Dreams and nightmares

Let's talk about dreams. Dreams are, well, strange. I have some interesting dreams though, and I thought I'd share some of my thoughts about them. I didn't use to have particularly notable dreams, but as I've started taking melatonin to sleep, my dreams have been extremely vivid, much stranger, and much more memorable. I don't want to go into the details of my dreams, not because they aren't interesting, but rather because that's a private aspect of my life that I don't want to share. I do want to talk about a pattern I noticed in them, though.

I have two kinds of dreams, for the most part: A recurring nightmare, and the weird stuff. Many people have recurring nightmares, which come in many forms; in my case, I dream that I'm lying in bed falling asleep. I'm unable to move and unable to talk, but I'm not paralyzed, I just can't will myself to do it. I feel afraid, like something very bad is about to happen, but mostly I feel trapped and helpless. Now, of course, to a certain extent dreams are just dreams, you can't read too much into them. But, I do find it interesting that I see those themes in my nightmares, because they are the very same negative feelings I feel during my waking hours: Feeling unable to motivate myself to do anything, feeling stuck with my life as it is and helpless to change the way things are.

But, nightmares aren't all that interesting. The dreams everyone's interested in are the strange ones, and oh boy, do I have some strange dreams. Again, I don't want to go into the details right now, maybe in the future, but I would like to mention that I see some patterns in those dreams as well, namely, that they're always pleasant. Sometimes good things are happening to me, sometimes bad things are happening, but I'm always happy. My theory as to why is that in order to lose something, you must first have something to lose; even though bad things happen in some of those dreams, my current circumstances must be better in order for something bad to happen, therefore, I'm always happier. Of course, that's not how life really works; something bad could happen to me now, even though I have none of the things I dream about, but it perhaps is how my brain works.
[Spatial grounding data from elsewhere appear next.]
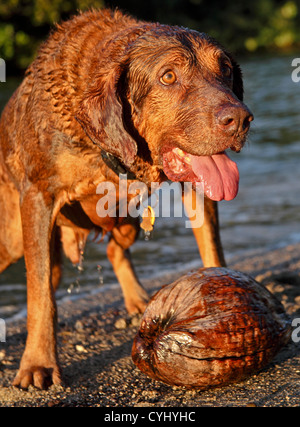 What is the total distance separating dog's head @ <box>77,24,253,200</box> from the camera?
3.31 metres

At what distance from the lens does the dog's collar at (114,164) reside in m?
3.58

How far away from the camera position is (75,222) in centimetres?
437

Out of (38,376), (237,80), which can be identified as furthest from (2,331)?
(237,80)

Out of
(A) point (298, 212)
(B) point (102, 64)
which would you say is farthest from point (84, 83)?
(A) point (298, 212)

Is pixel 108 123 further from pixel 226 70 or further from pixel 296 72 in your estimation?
pixel 296 72

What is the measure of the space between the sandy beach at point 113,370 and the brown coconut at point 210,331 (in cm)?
9

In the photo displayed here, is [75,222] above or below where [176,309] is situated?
above

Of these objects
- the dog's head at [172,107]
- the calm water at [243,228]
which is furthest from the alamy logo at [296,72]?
the dog's head at [172,107]

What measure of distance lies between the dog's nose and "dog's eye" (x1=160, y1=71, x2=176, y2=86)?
0.39 meters

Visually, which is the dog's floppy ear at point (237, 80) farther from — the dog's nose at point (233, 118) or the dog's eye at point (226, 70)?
the dog's nose at point (233, 118)

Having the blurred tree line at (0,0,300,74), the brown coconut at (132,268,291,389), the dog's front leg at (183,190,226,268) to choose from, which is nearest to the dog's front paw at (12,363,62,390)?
the brown coconut at (132,268,291,389)

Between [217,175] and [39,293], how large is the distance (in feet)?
4.13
We are often ignorant to the things we already have, for better or for worse.

As an unrelated parting note, I would like to comment that RSS... kind of sucks? I spent half an hour trying to figure out how adding line breaks to an RSS feed works, and the solution was so incredibly stupid that... well, look for yourself! View the raw XML of this feed, it might take a moment to recognize, but you'll see what I mean!